For each line of the material below, give that line again word for word.
DATA SECTION Start Marker
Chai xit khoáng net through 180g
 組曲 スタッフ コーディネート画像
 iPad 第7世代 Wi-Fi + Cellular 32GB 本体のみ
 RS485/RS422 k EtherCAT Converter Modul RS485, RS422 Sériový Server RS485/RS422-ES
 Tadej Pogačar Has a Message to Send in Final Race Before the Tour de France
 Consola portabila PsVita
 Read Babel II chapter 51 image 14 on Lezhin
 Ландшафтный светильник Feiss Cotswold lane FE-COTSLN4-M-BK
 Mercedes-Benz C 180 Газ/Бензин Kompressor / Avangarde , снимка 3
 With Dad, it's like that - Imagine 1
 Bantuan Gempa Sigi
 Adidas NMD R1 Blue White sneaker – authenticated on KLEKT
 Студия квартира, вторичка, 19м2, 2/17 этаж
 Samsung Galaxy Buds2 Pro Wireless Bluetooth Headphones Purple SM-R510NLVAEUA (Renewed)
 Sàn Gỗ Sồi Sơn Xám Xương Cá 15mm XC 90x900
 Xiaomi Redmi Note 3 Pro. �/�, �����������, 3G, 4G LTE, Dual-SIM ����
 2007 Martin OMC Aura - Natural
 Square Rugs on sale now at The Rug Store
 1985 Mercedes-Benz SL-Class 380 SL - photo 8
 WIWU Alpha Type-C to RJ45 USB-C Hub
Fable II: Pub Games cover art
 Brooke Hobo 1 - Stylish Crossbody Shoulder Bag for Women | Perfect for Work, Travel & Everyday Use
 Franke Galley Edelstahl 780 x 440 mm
DATA SECTION End Marker
SOLUTION BELOW ::
Chai xit khoáng net through 180g
 組曲 スタッフ コーディネート画像
 iPad 第7世代 Wi-Fi + Cellular 32GB 本体のみ
 RS485/RS422 k EtherCAT Converter Modul RS485, RS422 Sériový Server RS485/RS422-ES
 Tadej Pogačar Has a Message to Send in Final Race Before the Tour de France
 Consola portabila PsVita
 Read Babel II chapter 51 image 14 on Lezhin
 Ландшафтный светильник Feiss Cotswold lane FE-COTSLN4-M-BK
 Mercedes-Benz C 180 Газ/Бензин Kompressor / Avangarde , снимка 3
 With Dad, it's like that - Imagine 1
 Bantuan Gempa Sigi
 Adidas NMD R1 Blue White sneaker – authenticated on KLEKT
 Студия квартира, вторичка, 19м2, 2/17 этаж
 Samsung Galaxy Buds2 Pro Wireless Bluetooth Headphones Purple SM-R510NLVAEUA (Renewed)
 Sàn Gỗ Sồi Sơn Xám Xương Cá 15mm XC 90x900
 Xiaomi Redmi Note 3 Pro. �/�, �����������, 3G, 4G LTE, Dual-SIM ����
 2007 Martin OMC Aura - Natural
 Square Rugs on sale now at The Rug Store
 1985 Mercedes-Benz SL-Class 380 SL - photo 8
 WIWU Alpha Type-C to RJ45 USB-C Hub
Fable II: Pub Games cover art
 Brooke Hobo 1 - Stylish Crossbody Shoulder Bag for Women | Perfect for Work, Travel & Everyday Use
 Franke Galley Edelstahl 780 x 440 mm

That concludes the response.